There are many famous algorithms for mathematical modelling
And genetic algorithms are one of them。
The genetic algorithm has been widely used since its introduction
Especially in portfolio optimization, machine learning
Signal processing and self-adaptation control
And these areas have played a great role
Increased efficiency in solving problems。
What's a genetic algorithm
Genetic algorithms, i. E., a genetic and chromosome-based model that imitates the process of biological evolution (involving genetic, mutation, selection and cross-cutting operations) and seeks the best solution by searching。
The central idea of genetic algorithms
Genetic algorithms simulate the natural choice of darwinian biological evolution and the biological evolutionary process of genetics, which is the best way to search for the best solution by modelling natural evolutionary processes。
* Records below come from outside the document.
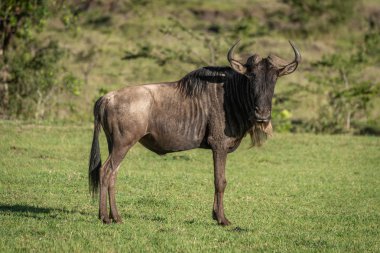 Blue wildebeest stands eyeing camera on grass clipart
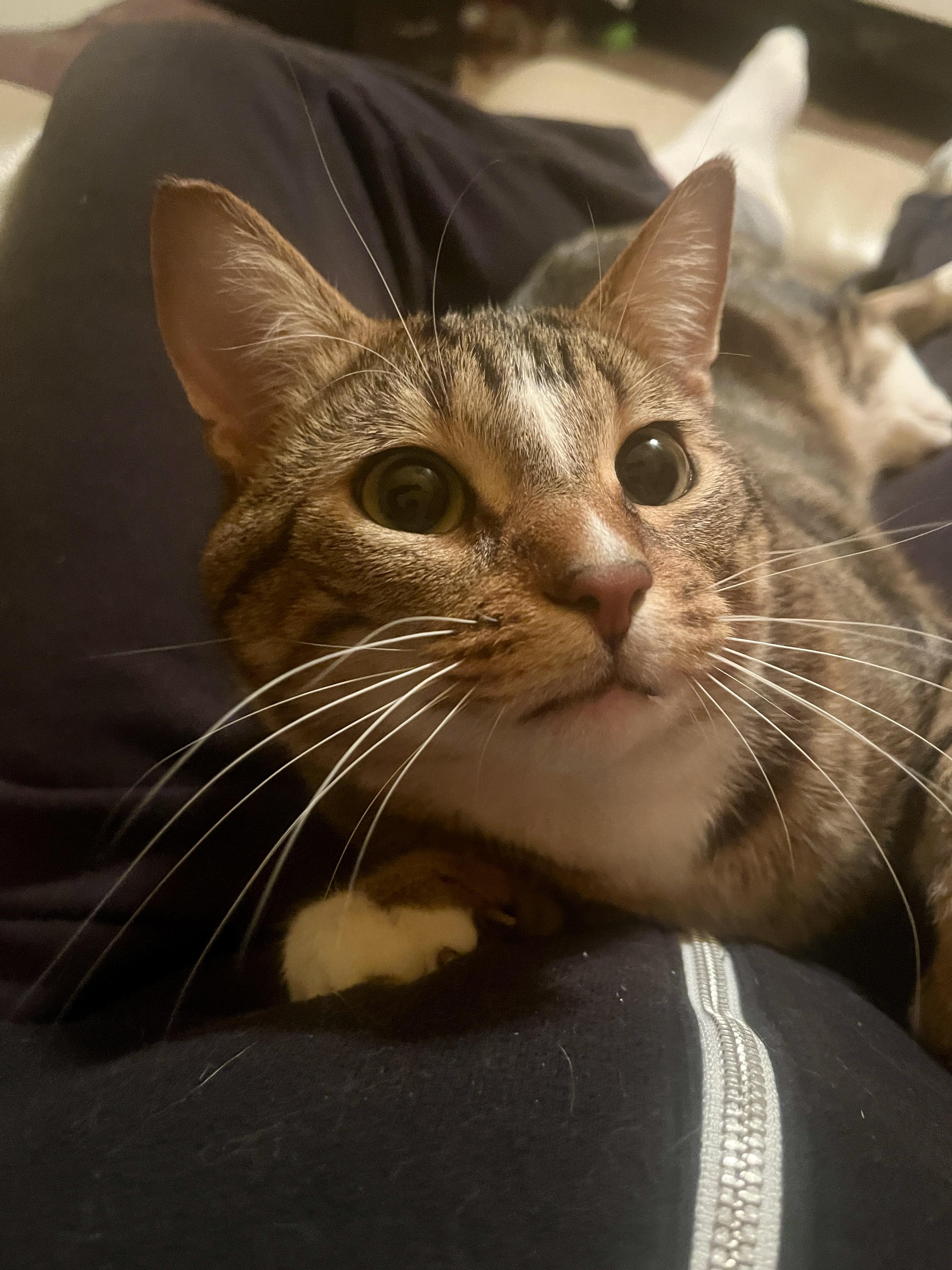 Enlarge Webster, an adopted Domestic Short Hair in Oak Forest, IL image 3/6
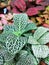 Striped colorful bright beautiful leaves of tropical plants fittonia background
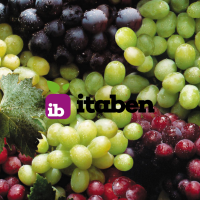 Red Globe Grapes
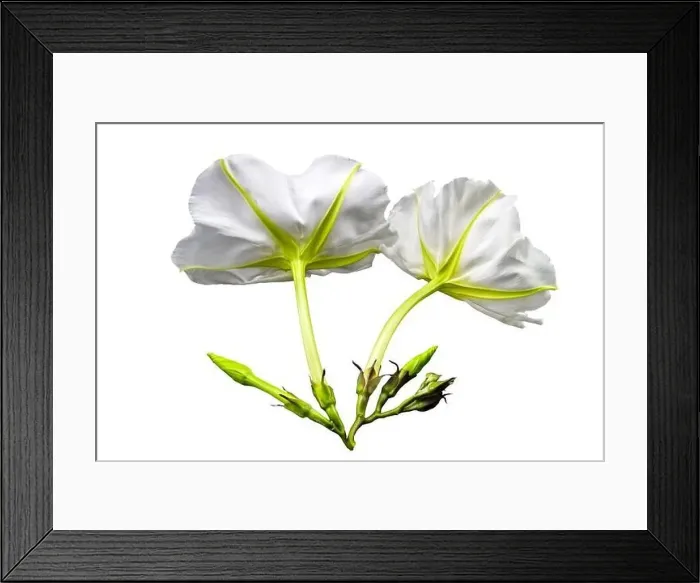 Framed Print : Close up Ipomoea alba on white background.Saved with clipping path Framed Print : Close up Ipomoea alba on white background.Saved with clipping path
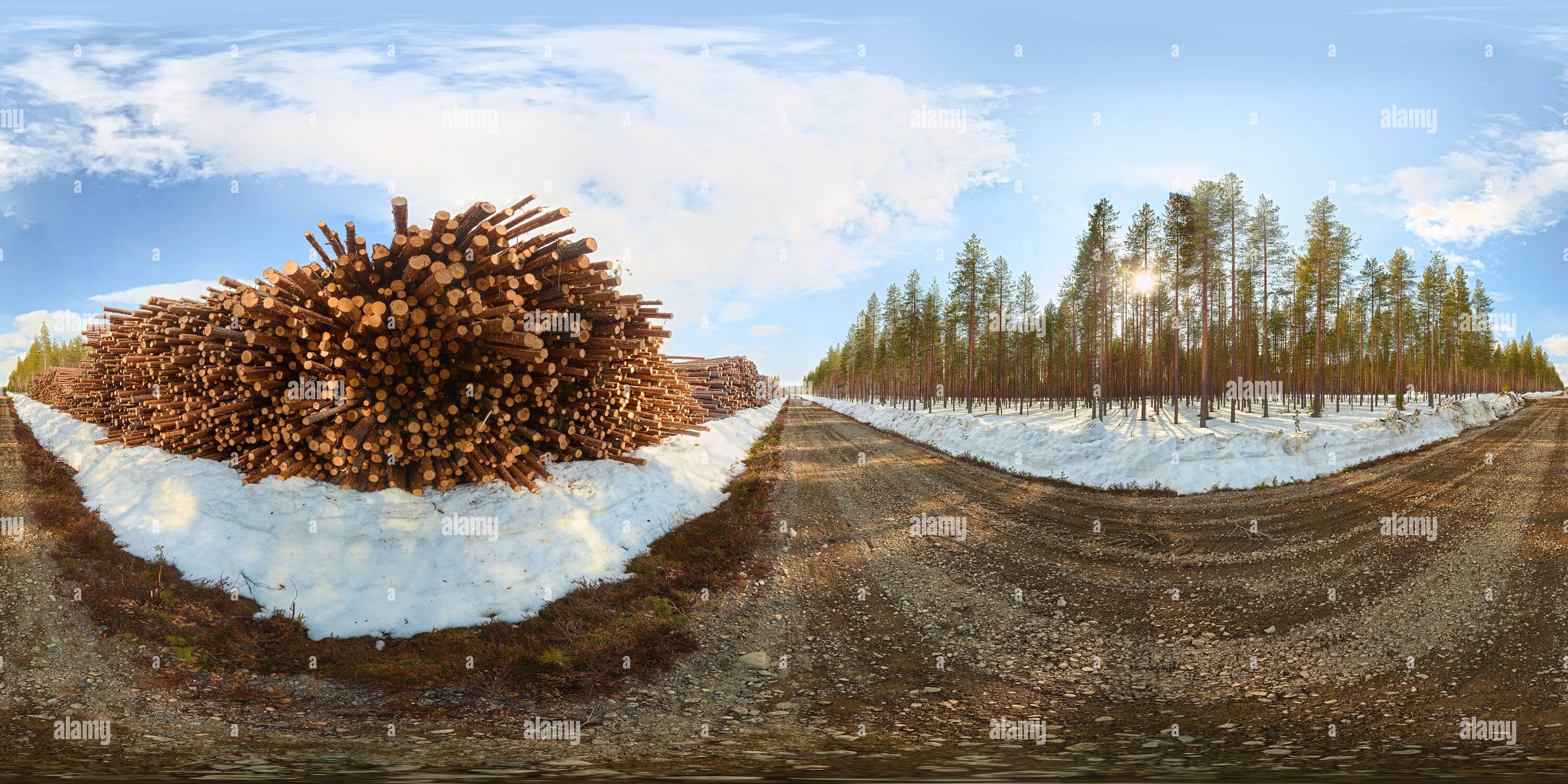 360 degree panoramic view of Spherical panorama of forestry area with stacks of wood and pine forest.
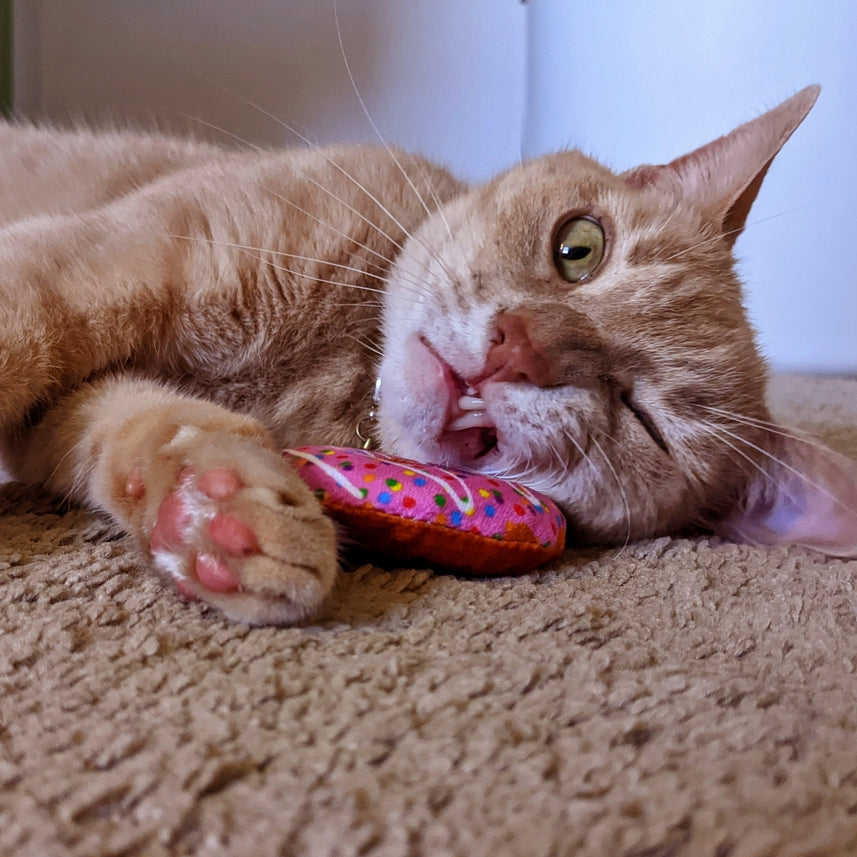 Kittybelles Strawberry Donut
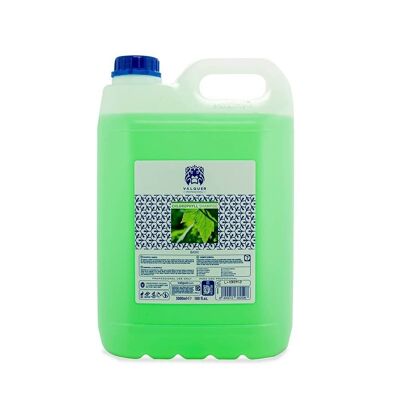 Shampoo alla clorofilla - 5000 ml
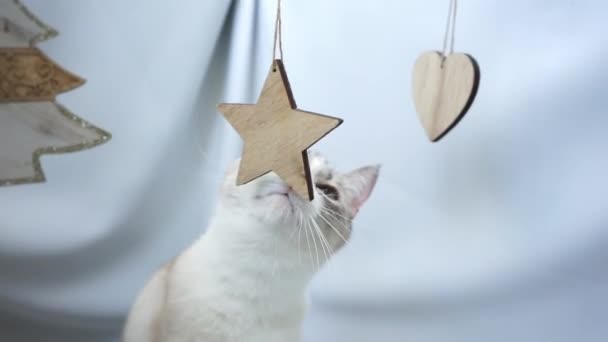 Ένα Σιαμαίο Σημείο Lynx Γάτα Sniffs Ξύλινα Σχήματα — Αρχείο Βίντεο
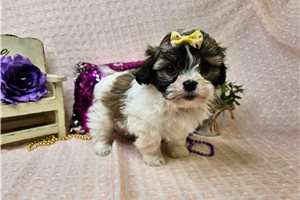 Zoey - Shichon for sale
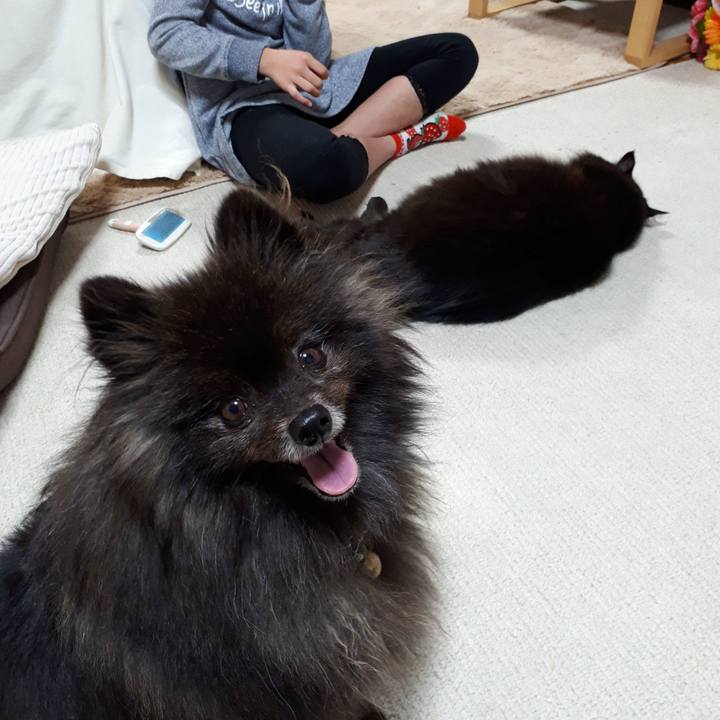 5212228d 6688 4c14 9664 59efdfbdf0d4 1517732488530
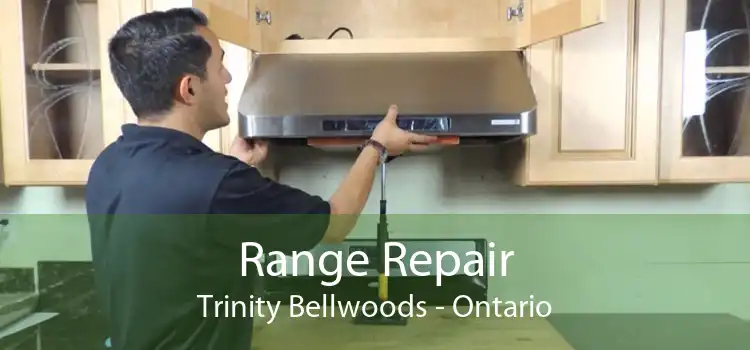 Range Repair Trinity Bellwoods - Ontario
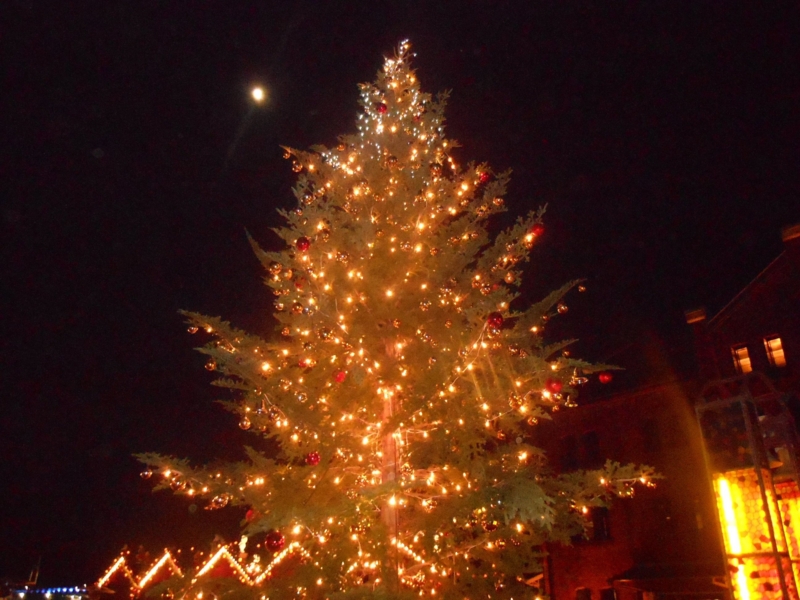 f:id:shins2m:20111207174443j:image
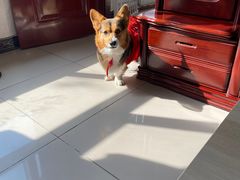 -宠福鑫康馨动物医院·骨科·眼科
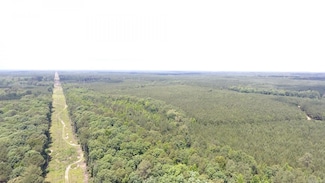 TBD W Tbd Bruce Trail White Hall Arkansas 71602, White Hall, AR 71602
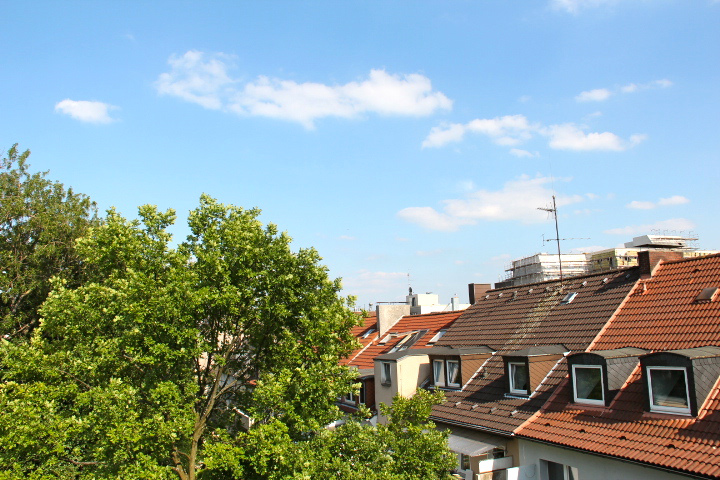 c0153740_20101468.jpg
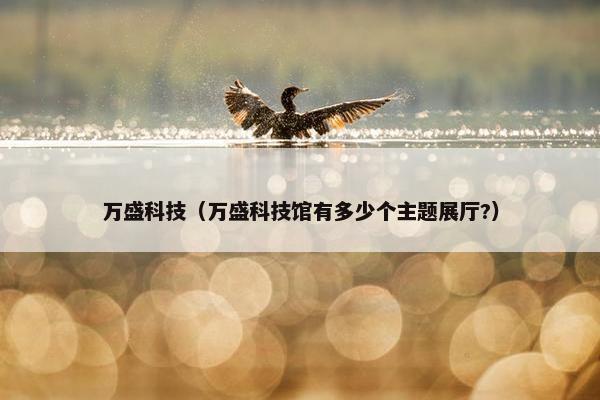 万盛科技（万盛科技馆有多少个主题展厅?）
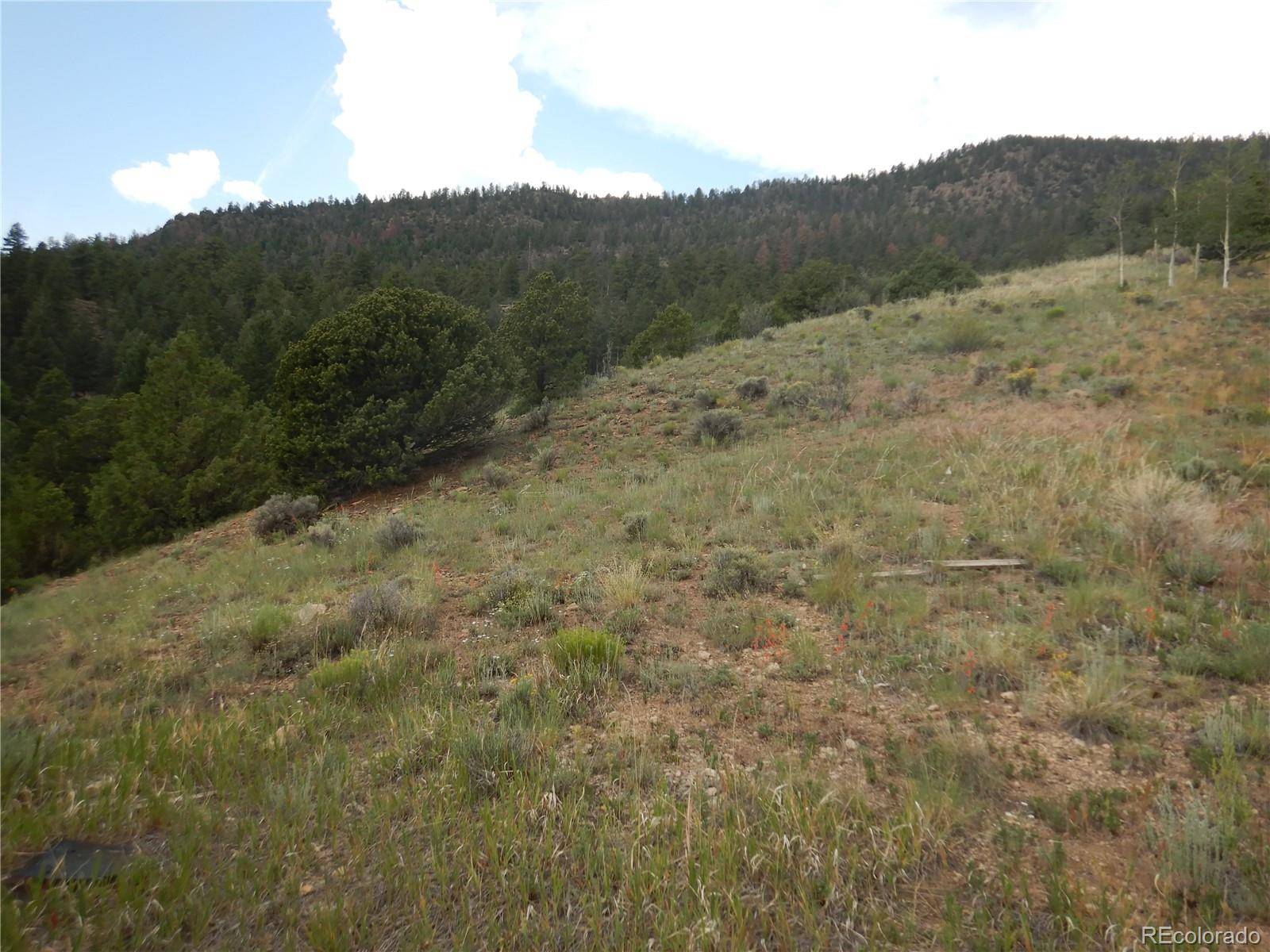 South Fork, CO 81154,120 Fairway Ridge LN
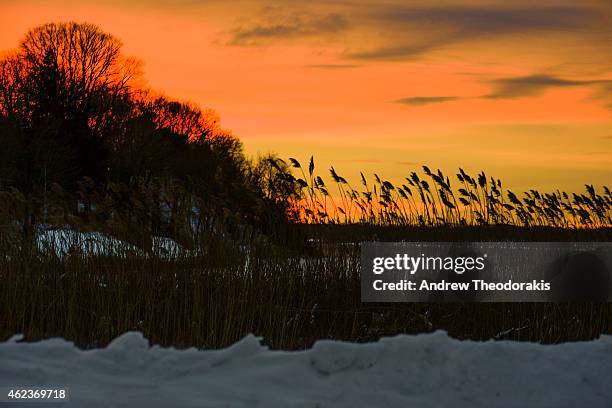 The sun sets over the Long Island Sound after a severe winter storm passed through on January 27, 2015 in Stony Brook, New York. Snow levels from...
The central idea of genetic algorithms is “to win, to survive”. In the initial group, individuals are screened by the selected adaptive function and by means of genetic reproduction, cross-cutting and mutation, allowing individuals with a high degree of adaptability to be retained and to form new groups. The new groups received both the information of the previous generation and the better. As a result, individual adaptation in the group is increasing until certain conditions are met。
Genetic algorithms based on chromosome operations
In addressing the coding of genetic algorithms, the solution to the problem of optimization is a variable sequence called chromosomes。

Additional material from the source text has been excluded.